After 5 days, close the top opening and open the bottom one directly beneath it. Open the top entrance on the opposite side of the hive.   This will divert all flying bees to the parent hive keeping its strength up and the honey flowing in.  At the same time it weakens the top 'hive'.

After a further 5 days close the top entrance on the side and open the bottom entrance beneath it. Now open the top entrance at the rear of the hive. As before, this diverts all flying bees to the parent hive keeping its strength up, the honey flowing in and weakens the top 'hive'.

After a further 3 days close the side bottom entrance.  The bees will naturally find there way into the front of the hive where all the activity is.  By the time the first queen cell hatches the top hive will have been weakened sufficiently to prevent them from swarming and the majority of the flying bees joined the parent hive beneath. The reason to leave the rear entrance to the last is to ensure that when the virgin queen leaves on her mating flight that she is returning away from the main entrance and thereby reducing the chance of her attempting to enter the wrong hive.
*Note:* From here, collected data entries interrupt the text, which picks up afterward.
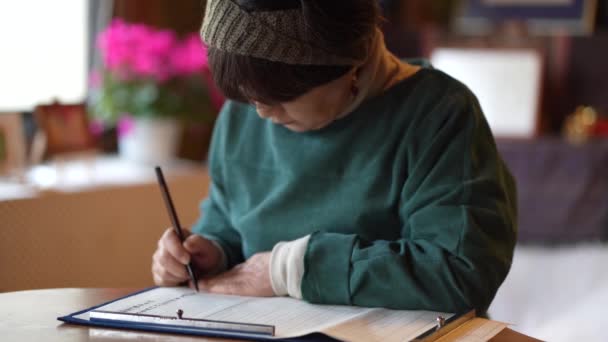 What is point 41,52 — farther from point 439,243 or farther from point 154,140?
point 439,243

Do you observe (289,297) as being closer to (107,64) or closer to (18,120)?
(18,120)

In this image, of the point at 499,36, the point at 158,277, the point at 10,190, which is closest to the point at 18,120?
the point at 10,190

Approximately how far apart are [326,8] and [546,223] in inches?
99.2

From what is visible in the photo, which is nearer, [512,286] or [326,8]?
[326,8]

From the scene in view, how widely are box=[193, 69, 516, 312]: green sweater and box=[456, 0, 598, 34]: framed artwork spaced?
2325mm

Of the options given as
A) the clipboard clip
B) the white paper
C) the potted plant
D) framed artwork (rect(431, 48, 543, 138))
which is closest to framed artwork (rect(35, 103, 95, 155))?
the potted plant

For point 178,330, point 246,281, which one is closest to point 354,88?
point 246,281

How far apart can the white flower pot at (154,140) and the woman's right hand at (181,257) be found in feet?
3.07

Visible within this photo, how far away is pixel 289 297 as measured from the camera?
97cm

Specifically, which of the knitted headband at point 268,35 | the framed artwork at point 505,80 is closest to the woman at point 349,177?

When the queen has commenced laying you have a new colony and depending on your needs it may be a new hive or united with the parent hive in the autumn with whichever queen you wish.

The parent hive has effectively been artifically swarmed but with the advantage of receiving all the flying bees to maximise honey flow. In theory (but bees don't read books) this hive should not subsequently swarm.
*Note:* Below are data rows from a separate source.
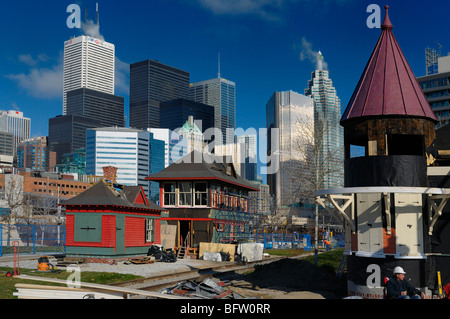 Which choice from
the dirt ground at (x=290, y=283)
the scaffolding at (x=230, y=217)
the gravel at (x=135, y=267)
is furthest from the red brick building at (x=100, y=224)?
the dirt ground at (x=290, y=283)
This has ended up being a lengthy post but I hope it helps.

Pete
« Last Edit: May 09, 2013, 09:45:37 am by P6te »
Live for today
Plan for tomorrow

Laurieston

  • Joined May 2009
  • Northern Germany
Re: Using a Snelgrove board
« Reply #2 on: May 11, 2013, 10:06:58 pm »
Thanks for the reply Pete, Snelgrove boards sounds complex, but now I've used one it makes a lot more sense.  I was surprised how quickly there were foraging bees returning to the upper colony.  I assume these were newly promoted bees (used to be nurse bees until all the foraging ones didn't come back) who were now foraging.  It was only hours before they were flying.  Are they promoted so quickly do you know?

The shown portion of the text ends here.